Short Cuts

Daniel Soar

One effect of the failed Christmas Day underpants bombing on NW Flight 253 to Detroit was to reveal how hard it is for counterterrorism bureaucracies to know, or do, anything about anyone. A leaked US Transport Security Agency document briefly required not only that passengers had been to the loo 61 minutes before their flight landed, but also that – with the exception only of heads of state and a single nominated companion – pat-down searches should be conducted at boarding gates, paying particular attention to the ‘upper thighs and lower torso’, a clear euphemism for underpants. So for at least a week any thinking terrorist would have had to find some other body part to strap his explosives to, and blow up his plane a little earlier than he might have liked. But the biggest disclosure was of the workings of America’s post-9/11 terrorist database systems, the main component of which is the Terrorist Identities Datamart Environment, or TIDE.

For some time privacy advocates have campaigned against this centralised repository of information on those ‘reasonably’ suspected of involvement in international terrorism, particularly as it gradually grew in size to accommodate 550,000 people. The conspiracy theorist fears that data are being hoarded about the good guys as well as the bad, that once you’re on the list you can’t get off it, and that in some sense we’re all being watched as we go about our daily business – using credit cards, making phone calls, surfing the web. What has become clear is that, however much information may be being gathered by whatever agencies, it’s very hard reliably to connect it to individuals. For one thing, a name – which is all you need to give when buying a plane ticket – is a very bad way of identifying people, not just because it can be misspelled, as Umar Farouk Abdul Mutallab’s was when his US visa application was granted, or because it can exist in different forms (I am D N SOAR when I’m paying for something by card), or because it can be changed, but mostly because very few names are unique.

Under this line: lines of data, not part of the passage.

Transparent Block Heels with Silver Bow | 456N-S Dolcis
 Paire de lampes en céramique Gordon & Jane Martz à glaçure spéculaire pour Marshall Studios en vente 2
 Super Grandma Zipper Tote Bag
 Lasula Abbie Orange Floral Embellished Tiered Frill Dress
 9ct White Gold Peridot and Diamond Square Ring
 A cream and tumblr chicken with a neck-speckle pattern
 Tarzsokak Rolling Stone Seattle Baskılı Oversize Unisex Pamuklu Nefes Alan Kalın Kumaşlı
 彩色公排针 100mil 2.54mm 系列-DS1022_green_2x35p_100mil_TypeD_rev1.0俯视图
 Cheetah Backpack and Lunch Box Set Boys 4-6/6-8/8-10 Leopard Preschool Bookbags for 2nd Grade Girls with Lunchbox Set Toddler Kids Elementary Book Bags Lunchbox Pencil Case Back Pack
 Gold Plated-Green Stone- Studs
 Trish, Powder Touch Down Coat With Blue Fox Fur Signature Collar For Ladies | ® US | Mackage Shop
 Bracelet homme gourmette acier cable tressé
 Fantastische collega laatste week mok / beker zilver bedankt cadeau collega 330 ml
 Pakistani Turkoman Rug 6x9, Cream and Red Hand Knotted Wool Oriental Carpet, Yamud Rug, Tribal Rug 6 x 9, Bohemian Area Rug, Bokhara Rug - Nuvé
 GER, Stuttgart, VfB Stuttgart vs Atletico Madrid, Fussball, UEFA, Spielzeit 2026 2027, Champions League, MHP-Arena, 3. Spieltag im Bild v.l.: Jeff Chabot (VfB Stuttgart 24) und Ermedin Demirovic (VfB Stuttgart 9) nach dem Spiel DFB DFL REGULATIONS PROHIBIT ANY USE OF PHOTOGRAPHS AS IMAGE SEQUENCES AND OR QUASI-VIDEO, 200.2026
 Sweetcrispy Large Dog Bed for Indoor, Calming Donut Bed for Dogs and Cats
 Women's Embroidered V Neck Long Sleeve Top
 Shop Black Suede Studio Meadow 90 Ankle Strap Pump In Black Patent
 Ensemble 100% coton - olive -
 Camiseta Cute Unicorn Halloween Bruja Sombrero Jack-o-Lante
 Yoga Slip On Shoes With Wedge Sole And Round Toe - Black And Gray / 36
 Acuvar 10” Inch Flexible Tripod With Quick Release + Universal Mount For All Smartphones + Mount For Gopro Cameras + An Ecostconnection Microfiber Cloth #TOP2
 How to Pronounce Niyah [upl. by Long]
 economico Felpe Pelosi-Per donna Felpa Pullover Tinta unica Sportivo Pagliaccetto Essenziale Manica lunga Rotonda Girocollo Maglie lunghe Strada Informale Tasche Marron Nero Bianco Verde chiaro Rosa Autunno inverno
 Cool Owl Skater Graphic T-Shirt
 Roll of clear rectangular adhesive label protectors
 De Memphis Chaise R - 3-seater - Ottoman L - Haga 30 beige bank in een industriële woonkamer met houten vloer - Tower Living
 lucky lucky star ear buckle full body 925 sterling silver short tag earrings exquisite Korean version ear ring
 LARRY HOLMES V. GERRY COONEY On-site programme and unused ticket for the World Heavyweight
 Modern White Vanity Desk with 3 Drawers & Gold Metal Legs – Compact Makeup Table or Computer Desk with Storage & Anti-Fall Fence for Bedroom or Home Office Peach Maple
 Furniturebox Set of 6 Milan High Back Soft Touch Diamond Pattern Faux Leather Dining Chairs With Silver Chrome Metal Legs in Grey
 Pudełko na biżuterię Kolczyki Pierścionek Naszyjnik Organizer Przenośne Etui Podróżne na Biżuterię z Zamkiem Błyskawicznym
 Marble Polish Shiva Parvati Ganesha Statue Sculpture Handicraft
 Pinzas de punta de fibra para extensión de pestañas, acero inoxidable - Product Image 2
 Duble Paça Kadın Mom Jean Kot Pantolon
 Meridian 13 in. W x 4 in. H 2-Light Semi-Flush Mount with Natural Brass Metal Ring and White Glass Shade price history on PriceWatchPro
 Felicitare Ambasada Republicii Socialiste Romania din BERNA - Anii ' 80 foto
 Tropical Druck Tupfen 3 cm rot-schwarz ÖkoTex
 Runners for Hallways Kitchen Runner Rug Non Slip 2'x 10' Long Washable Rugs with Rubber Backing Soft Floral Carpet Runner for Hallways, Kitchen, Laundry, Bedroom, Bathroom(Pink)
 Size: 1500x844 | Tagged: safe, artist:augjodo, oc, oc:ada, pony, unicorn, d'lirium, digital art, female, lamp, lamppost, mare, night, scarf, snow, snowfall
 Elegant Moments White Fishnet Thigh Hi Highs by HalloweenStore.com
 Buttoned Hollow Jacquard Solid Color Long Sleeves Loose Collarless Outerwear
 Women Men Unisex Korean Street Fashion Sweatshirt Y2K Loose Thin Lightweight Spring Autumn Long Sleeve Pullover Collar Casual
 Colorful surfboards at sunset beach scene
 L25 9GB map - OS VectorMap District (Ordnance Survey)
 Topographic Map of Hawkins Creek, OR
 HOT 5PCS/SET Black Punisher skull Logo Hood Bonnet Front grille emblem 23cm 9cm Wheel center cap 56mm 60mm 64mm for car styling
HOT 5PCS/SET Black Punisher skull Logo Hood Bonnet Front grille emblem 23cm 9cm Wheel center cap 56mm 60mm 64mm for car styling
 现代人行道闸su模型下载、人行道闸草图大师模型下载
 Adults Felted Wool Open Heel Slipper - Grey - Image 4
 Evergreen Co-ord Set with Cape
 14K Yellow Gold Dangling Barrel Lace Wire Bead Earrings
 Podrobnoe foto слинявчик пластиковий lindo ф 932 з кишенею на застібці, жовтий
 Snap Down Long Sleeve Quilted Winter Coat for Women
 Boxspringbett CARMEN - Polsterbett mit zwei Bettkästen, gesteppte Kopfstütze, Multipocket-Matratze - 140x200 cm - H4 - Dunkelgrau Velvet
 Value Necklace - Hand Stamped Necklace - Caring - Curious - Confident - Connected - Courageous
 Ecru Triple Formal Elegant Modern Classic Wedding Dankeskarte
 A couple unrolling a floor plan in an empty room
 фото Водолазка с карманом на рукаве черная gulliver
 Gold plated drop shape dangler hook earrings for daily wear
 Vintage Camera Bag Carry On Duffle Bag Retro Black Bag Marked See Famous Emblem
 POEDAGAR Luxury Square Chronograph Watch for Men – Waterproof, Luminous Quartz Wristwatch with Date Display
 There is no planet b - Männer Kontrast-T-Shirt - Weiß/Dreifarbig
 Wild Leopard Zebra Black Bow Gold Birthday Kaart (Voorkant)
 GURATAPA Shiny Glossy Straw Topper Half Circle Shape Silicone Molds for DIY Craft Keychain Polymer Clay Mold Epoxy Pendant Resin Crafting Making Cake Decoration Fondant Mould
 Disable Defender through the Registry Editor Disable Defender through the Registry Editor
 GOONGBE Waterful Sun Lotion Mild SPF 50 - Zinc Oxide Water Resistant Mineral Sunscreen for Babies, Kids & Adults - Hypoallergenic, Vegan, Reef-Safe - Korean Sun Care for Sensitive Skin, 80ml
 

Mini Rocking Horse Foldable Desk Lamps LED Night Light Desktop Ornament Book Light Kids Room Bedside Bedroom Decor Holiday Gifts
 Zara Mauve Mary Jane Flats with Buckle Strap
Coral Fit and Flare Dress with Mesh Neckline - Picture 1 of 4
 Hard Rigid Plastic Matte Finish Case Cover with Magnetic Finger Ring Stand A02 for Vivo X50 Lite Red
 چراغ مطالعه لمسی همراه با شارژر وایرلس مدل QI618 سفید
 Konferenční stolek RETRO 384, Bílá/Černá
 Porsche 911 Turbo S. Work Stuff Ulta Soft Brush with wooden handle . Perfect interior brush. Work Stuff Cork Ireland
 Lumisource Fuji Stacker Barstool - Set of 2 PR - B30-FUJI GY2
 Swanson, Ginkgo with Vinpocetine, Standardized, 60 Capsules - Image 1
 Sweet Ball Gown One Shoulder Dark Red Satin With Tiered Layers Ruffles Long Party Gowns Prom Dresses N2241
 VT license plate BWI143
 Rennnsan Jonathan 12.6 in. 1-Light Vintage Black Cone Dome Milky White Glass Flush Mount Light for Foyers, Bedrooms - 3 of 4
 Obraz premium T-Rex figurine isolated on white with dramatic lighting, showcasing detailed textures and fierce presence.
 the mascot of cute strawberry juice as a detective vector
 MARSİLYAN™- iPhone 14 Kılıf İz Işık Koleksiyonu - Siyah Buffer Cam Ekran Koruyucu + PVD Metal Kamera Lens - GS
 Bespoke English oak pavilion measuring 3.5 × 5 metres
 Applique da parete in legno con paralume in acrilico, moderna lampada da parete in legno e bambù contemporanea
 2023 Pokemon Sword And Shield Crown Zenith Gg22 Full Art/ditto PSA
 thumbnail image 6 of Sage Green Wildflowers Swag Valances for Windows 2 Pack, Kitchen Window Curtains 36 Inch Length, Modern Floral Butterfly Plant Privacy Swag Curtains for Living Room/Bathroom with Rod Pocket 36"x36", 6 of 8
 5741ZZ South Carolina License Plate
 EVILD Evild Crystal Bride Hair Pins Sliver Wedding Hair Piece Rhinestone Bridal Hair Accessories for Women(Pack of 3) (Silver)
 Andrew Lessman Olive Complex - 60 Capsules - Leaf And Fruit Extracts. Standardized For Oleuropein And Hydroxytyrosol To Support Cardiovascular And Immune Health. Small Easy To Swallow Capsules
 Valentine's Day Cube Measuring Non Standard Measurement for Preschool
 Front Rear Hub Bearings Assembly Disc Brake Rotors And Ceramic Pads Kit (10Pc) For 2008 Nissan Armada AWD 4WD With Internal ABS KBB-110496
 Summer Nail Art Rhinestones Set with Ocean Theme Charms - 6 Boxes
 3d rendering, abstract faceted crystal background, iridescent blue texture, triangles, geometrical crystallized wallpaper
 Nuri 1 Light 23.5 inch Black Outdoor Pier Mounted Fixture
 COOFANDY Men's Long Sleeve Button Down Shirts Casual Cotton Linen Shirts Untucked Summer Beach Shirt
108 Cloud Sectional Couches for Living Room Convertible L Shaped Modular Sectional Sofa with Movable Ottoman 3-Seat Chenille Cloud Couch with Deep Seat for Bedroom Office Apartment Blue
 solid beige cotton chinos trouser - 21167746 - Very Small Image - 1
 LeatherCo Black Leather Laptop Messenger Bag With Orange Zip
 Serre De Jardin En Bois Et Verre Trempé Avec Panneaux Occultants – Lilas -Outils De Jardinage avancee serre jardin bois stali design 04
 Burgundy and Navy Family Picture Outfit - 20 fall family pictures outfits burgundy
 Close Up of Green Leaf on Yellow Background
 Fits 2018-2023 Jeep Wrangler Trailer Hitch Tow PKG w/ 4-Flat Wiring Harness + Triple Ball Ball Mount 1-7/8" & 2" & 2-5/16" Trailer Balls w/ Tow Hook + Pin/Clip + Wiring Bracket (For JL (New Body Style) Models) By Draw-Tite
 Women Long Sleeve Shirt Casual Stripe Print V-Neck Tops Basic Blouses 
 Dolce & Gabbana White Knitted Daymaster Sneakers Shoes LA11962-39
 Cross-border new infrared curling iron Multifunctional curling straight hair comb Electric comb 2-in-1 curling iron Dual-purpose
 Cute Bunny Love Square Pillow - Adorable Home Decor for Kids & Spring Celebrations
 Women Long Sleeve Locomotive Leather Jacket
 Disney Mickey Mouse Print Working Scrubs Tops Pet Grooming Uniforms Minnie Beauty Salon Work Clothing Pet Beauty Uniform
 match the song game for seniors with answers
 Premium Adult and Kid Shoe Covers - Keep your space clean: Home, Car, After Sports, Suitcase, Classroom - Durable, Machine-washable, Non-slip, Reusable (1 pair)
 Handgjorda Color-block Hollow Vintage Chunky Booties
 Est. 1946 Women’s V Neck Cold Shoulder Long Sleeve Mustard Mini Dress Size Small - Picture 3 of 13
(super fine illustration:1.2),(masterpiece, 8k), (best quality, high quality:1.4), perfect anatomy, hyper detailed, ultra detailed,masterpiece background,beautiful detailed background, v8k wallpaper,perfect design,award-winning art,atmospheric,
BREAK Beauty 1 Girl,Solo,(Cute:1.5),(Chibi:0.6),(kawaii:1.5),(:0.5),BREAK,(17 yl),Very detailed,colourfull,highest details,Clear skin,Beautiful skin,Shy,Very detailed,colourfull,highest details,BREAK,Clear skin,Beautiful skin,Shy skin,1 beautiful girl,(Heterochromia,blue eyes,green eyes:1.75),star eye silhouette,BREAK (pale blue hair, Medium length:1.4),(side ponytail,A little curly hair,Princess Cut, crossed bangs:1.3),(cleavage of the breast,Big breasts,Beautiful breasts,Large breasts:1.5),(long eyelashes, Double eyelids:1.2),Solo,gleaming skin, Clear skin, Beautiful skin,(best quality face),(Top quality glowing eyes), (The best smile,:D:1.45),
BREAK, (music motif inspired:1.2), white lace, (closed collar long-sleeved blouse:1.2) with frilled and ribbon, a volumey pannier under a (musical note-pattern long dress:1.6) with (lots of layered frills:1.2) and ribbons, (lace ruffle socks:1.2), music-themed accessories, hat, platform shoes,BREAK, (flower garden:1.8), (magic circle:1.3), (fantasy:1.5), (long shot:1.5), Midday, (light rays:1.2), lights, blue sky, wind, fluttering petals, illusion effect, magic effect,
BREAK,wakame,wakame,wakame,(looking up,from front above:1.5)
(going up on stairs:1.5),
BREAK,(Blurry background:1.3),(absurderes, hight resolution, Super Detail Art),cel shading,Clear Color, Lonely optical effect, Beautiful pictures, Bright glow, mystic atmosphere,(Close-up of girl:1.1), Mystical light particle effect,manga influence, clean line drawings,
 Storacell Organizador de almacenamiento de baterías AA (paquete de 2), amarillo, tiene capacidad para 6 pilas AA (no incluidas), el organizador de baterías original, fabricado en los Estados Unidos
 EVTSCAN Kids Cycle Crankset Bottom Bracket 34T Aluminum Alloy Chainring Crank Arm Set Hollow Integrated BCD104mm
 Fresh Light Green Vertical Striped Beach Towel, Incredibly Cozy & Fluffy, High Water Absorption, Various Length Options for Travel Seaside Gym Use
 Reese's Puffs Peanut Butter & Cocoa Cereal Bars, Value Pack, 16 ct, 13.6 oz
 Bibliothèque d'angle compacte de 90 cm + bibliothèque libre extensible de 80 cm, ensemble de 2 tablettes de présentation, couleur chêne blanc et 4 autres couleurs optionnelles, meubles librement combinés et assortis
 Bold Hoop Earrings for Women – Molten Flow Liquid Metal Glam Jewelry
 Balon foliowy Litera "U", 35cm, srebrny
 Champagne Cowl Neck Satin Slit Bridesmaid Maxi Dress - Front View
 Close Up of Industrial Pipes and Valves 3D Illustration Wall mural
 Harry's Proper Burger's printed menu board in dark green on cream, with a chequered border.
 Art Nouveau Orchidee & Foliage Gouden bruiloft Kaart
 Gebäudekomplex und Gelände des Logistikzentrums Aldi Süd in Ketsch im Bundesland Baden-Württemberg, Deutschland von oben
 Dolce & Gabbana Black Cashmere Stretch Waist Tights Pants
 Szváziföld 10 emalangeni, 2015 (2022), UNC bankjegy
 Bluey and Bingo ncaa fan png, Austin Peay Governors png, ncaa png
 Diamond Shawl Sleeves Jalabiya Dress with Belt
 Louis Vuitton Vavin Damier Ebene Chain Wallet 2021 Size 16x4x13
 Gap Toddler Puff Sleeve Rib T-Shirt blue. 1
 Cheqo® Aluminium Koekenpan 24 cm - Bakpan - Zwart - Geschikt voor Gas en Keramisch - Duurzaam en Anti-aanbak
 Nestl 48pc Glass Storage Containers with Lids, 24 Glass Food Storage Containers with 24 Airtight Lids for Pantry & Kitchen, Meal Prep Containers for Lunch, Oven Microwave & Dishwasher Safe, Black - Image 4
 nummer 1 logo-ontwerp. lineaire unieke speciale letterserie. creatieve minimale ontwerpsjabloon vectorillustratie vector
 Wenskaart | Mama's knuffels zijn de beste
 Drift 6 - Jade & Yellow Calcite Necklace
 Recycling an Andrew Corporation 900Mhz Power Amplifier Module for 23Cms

For a database to provide a dossier on anyone, or on anyone ‘of interest’, each person in it must be allocated what the jargon calls a ‘primary key’, a unique value identifying them in order to tie together all the bits of information about them, including their name in all its various forms: as it appears on their passport, on their driving licence, to their bank, to their co-conspirators, to the people they chat with in internet forums (Mutallab was farouk1986 to his pals online). It turns out that one of the main functions of TIDE is, as the name suggests (it’s an ‘identities’ datamart), to help establish whether person X is the same as person Y. Every weekday evening, and twice on Fridays, a ‘sensitive but unclassified’ subset of TIDE – including biographical and biometric and other identifying data but leaving out the juicy ‘derogatory’ information which explains why a person is considered to be bad – is sent to an agency called the Terrorist Screening Center.

The TSC basically operates as a call centre – available, as they say, ‘24/7’ – to help law-enforcement officers and gun-shop owners and airline workers all over the world decide whether the person standing in front of them, whose details appear to match an entry on a terrorist watchlist, is the bad guy he looks like. Last year the TSC processed 55,000 requests arising from what the agencies call ‘encounters’ with suspected terrorists: 150 a day, or one every ten minutes. It’s a busy place. But only, really, because a person’s identity is such an unexpectedly non-straightforward thing to establish definitively. The TSC says that 30 to 40 per cent of the requests it handles result in a positive match; but it’s not much to boast of when you consider that two-thirds of the time, even when all the evidence points to someone being person X, they aren’t.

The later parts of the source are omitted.